Configure Hadoop Ecosystem components – Oozie, Pig, Sqoop and Hue

As part of this section, we will see how to set up Pig and Oozie components and some of the key concepts related to each service.

  • Setup Oozie, Pig, Sqoop and Hue
  • Review Important Properties
  • Schedule an Oozie workflow
  • Run Pig Job
  • Validate Sqoop
  • Overview of Hue

Cluster Topology

We are setting up the cluster on 7+1 nodes. We start with 7 nodes and then we will add one more node later.

  • Gateway(s) and Management Service
    • bigdataserver-1 – Hue Server
  • Masters
    • bigdataserver-2
      • Zookeeper
      • Active/Standby Namenode
    • bigdataserver-3
      • Zookeeper
      • Active/Standby Namenode
      • Active/Standby Resource Manager
      • Impala State Store
      • Oozie Server
    • bigdataserver-4
      • Zookeeper
      • Active/Standby Resource Manager
      • Job History Server
      • Spark History Server
      • Hive Server and Hive Metastore
      • Impala Catalog
  • Slaves or Worker Nodes
    • bigdataserver-5 – Datanode, Node Manager, Impala Daemon
    • bigdataserver-6 – Datanode, Node Manager, Impala Daemon
    • bigdataserver-7 – Datanode, Node Manager, Impala Daemon

Learning Process

We will follow the same standard process to learn while adding any software-based service.

  • Downloading and Installing
    • Downloading is already taken care as part of adding hosts to the cluster. We will add all the services to the cluster using Cloudera Manager.
  • Configuration – We need to understand architecture and plan for the configuration.
    • Architecture – Oozie has three components –  Repository, Server and Client. Pig and Sqoop are clients only tools. Hue has Server supporting web application to provide a unified platform for all high-level tools.
    • Components
      • Oozie Server is the Master Process
      • Repository to store workflow definitions and details
    • Configuration Files
      • Oozie -/etc/oozie/conf/oozie-default.xml and /etc/oozie/conf/oozie-site.xml
    • Log Files
      • Oozie – /var/log/oozie/

Setup Oozie, Pig, Sqoop and Hue

Let us quickly setup all 4 tools using Cloudera Manager in our cluster.

Setup Oozie

First, let us go ahead and setup Oozie in our cluster.

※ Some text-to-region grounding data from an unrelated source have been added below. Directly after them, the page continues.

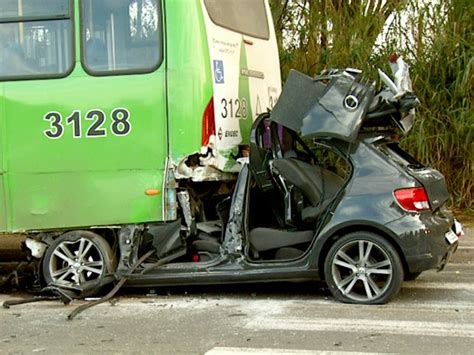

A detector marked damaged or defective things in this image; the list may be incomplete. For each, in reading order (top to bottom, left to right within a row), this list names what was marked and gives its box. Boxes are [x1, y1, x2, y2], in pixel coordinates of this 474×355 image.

wrecked gray car [24, 58, 462, 306]
detached car wheel [43, 231, 116, 292]
detached car wheel [326, 232, 404, 304]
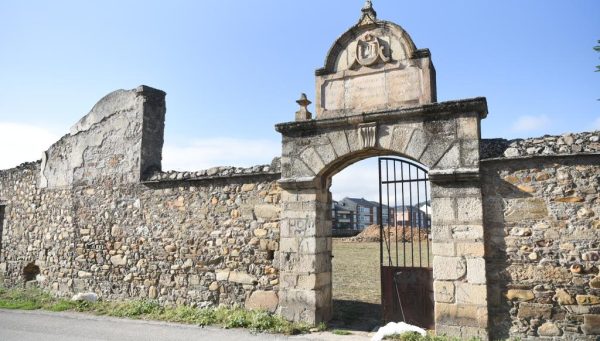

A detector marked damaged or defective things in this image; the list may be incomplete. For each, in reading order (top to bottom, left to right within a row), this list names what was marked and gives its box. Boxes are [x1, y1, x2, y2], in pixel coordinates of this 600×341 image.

rusty metal gate [380, 157, 432, 326]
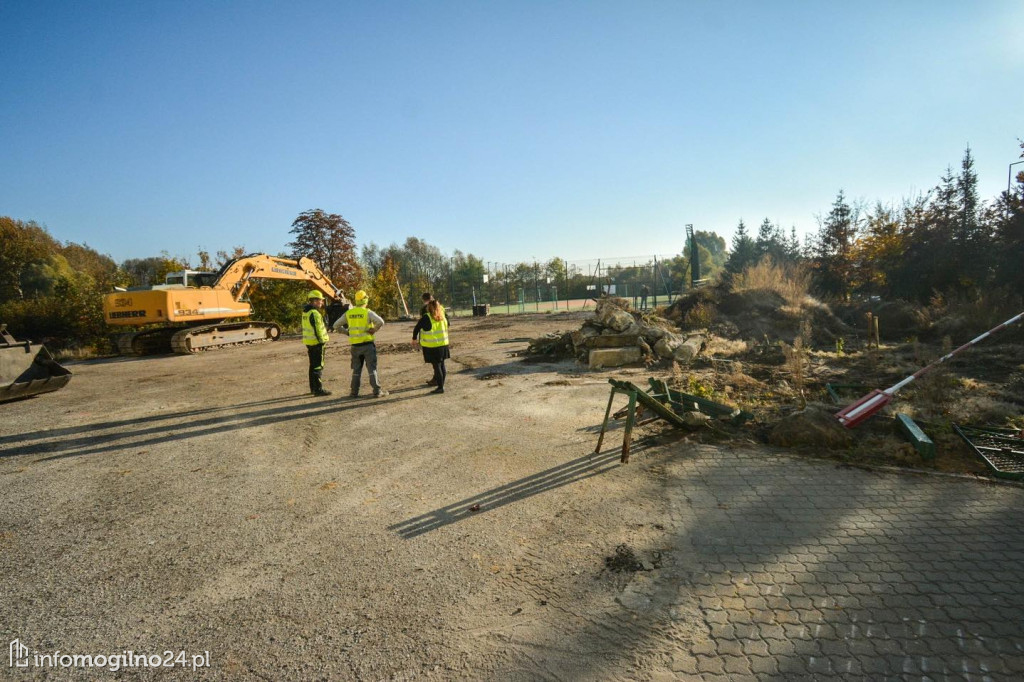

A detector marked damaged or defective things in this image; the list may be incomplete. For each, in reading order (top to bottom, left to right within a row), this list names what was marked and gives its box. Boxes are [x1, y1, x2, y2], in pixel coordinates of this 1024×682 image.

broken concrete block [589, 346, 643, 366]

  • Go to the host on which oozie server is going running (In this case it is bigdataserver-3)
  • Install mysql connector – sudo yum install mysql-connector-java
  • Go to mysql database and create database with name oozie (Already taken care while creating the databases initially).
  • Go to the Cloudera Manager Dashboard
  • Click on Add Service in drop down of the cluster
  • Choose Oozie
  • We will be using bigdataserver-3 as Oozie Server.
  • Give the database server, name and password details.
    • Data Base Server – bigdataserver-1.c.<Project-Name>
    • Database Name – oozie
    • Database Username – oozie
    • Password – ******
  • Use the test connection to verify the connection (optional step)
  • And then click on Continue.
  • Review properties (Oozie Server Data Directory and ShareLib Root Directory) and complete the setup process.
  • Oozie also have Web UI. It is dependent on external Java Script library called as Ext JS.
    • Download Ext JS Zip file from Cloudera Archive on the server where Oozie server is running (bigdataserver-3).
    • Unzip the zip file
    • Copy to /var/lib/oozie
    • Change the ownership to oozie on the entire directory recursively
[gist]559bba25c479e64bdefbb8111c2abb44[/gist]
  • Once Ext JS is setup, we can enable Oozie Web Console from Cloudera Manager and restart the server.

Setup Pig and Sqoop

It is very straightforward to setup Pig and Sqoop in our cluster. Both use HDFS as file system and Map Reduce for processing engine. There are no server components for either of them.

  • Pig is automatically available on all the nodes in the cluster.
  • Sqoop 1 can be setup using “Add Service” Option and we need to configure gateway nodes only for Sqoop 1.
  • You need to make sure that JDBC jar file is available on gateway nodes so that Sqoop commands can connect to remote databases to get the data over JDBC.
  • Sqoop 2 is supposed to be better than Sqoop 1, however, it is being deprecated for some unknown reasons. It is not extensively used and hence you can ignore it.

Setup Hue

Hue is not a typical Big Data tool. It actually provides a web interface for all Big Data tools such as Hive, Sqoop, Oozie, Spark etc. It is primarily used by non admin staff of an organization such as Developer, Data Scientists etc.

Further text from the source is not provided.